# Activity
Using the data that follows, give again word for word the lines between the one holding "Bright bedroom with" and the one holding "إيهاب عياد، المؤسس", inclusive. Omit the pictures.

::: Input material :::

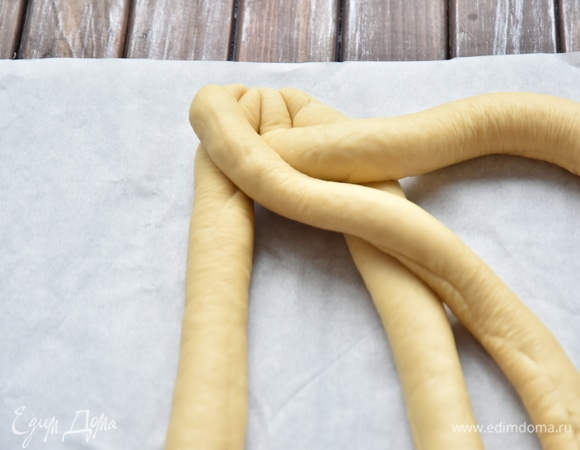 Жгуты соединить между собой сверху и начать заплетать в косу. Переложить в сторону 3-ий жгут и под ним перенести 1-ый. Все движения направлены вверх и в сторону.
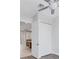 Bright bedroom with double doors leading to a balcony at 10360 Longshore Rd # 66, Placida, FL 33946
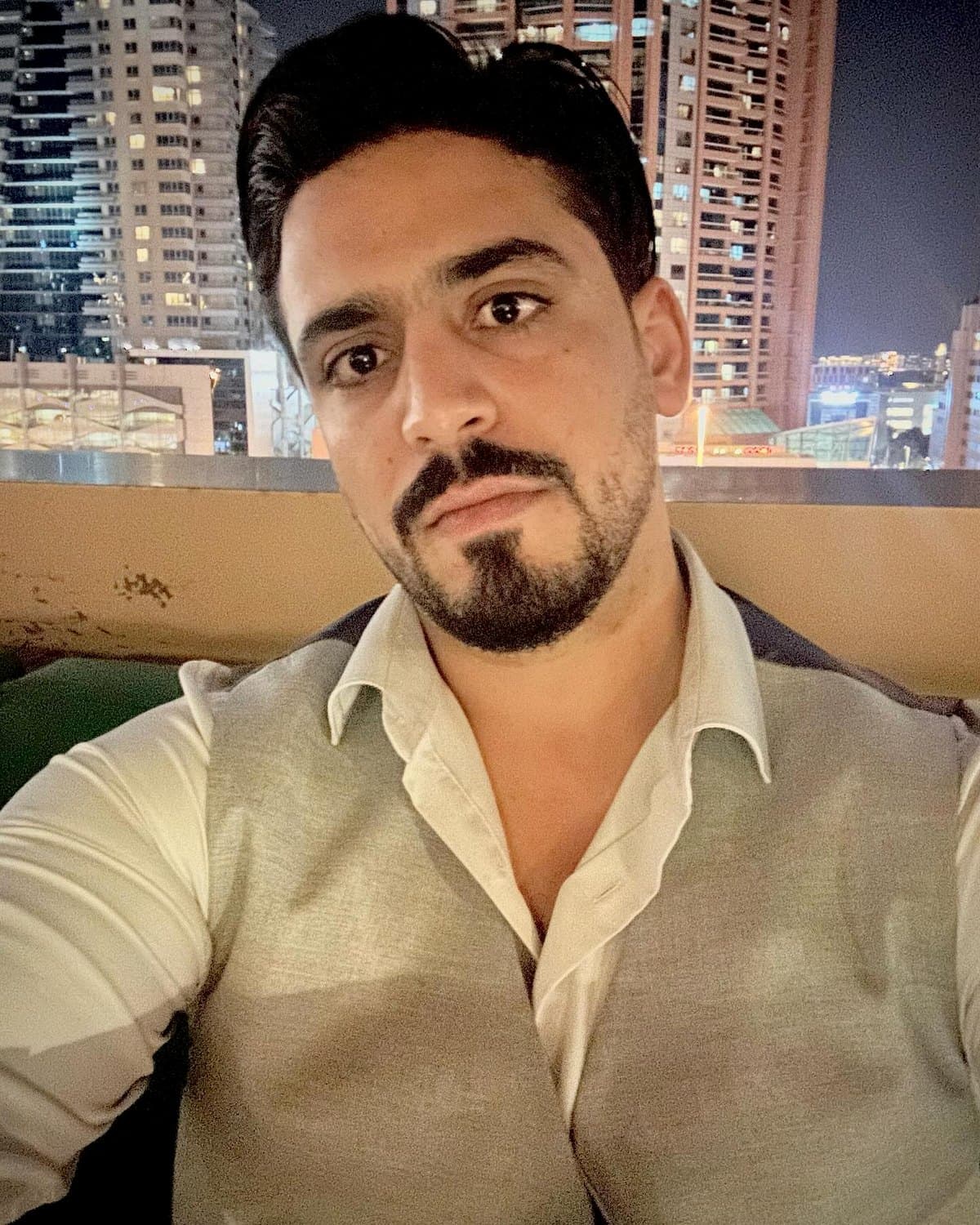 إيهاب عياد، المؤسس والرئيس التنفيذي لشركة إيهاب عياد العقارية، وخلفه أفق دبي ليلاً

:::
::: Input material :::

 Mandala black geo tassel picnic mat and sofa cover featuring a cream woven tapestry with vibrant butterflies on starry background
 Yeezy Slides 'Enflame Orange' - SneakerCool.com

:::

# Result for this task
 Bright bedroom with double doors leading to a balcony at 10360 Longshore Rd # 66, Placida, FL 33946
 إيهاب عياد، المؤسس والرئيس التنفيذي لشركة إيهاب عياد العقارية، وخلفه أفق دبي ليلاً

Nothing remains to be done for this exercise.